Anthony Kinkel tapped as new president for Motlow State Pending Board vote Wednesday
Anthony G. Kinkel, current president of Wichita Area Technical College in Kansas, has been recommended by Tennessee Board of Regents Chancellor John Morgan as the next president to lead Motlow State Community College.
The recommendation will go before the Board during a special called meeting on Wednesday, May 27, at 9:30 a.m. CDT in the TBR System Office in Nashville. The Board will also hear recommendations for new leaders at two other community colleges and the Tennessee Colleges of Applied Technology at Covington and Ripley.
Kinkel has 30 years of service in public education, including 11 years as a president in higher education. His public service extends beyond education, having been elected six times to the Minnesota House of Representatives and twice to the Minnesota Senate.
His variety of experience, including leadership at several community colleges and at the system level, will make him an effective leader for Motlow, according to Morgan.

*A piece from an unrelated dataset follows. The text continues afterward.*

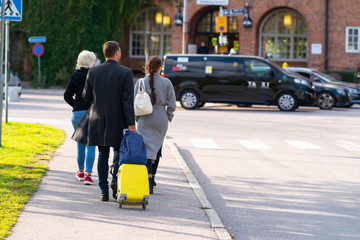 Family walking in town with luggage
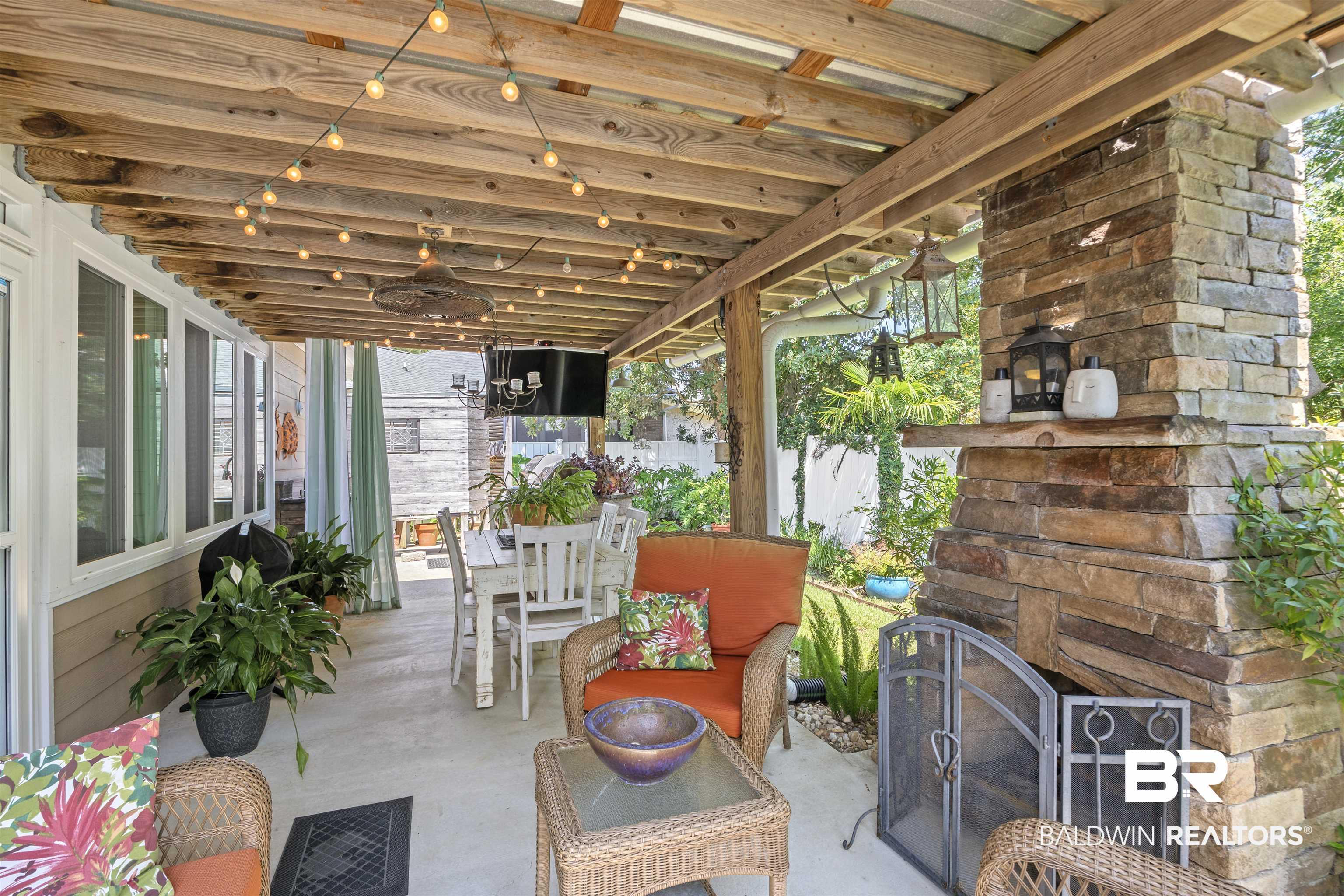 Image 4: View of patio featuring an outdoor living space with a fireplace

“Dr. Kinkel is a leader with a commitment to service, to helping students reach their potential, and to understanding the workforce and education needs of the communities he serves,” said Morgan. “In addition to his previous work as a college president, he will bring teaching, administrative and policy making experience to the role, a distinguishing combination. We expect him to carry on the momentum of the campus and continue its progress in the Drive to 55 for Tennessee.”
Kinkel was chosen to lead Wichita Area Technical College, one of the largest two-year colleges in the Kansas Board of Regents System, in December 2010. During his tenure, enrollment has grown 15 percent, the college’s National Center for Aviation Training was selected by the National Association of Manufacturing to develop the national standards in aviation curriculum, the number of students earning a credential doubled, and job placement increased each year.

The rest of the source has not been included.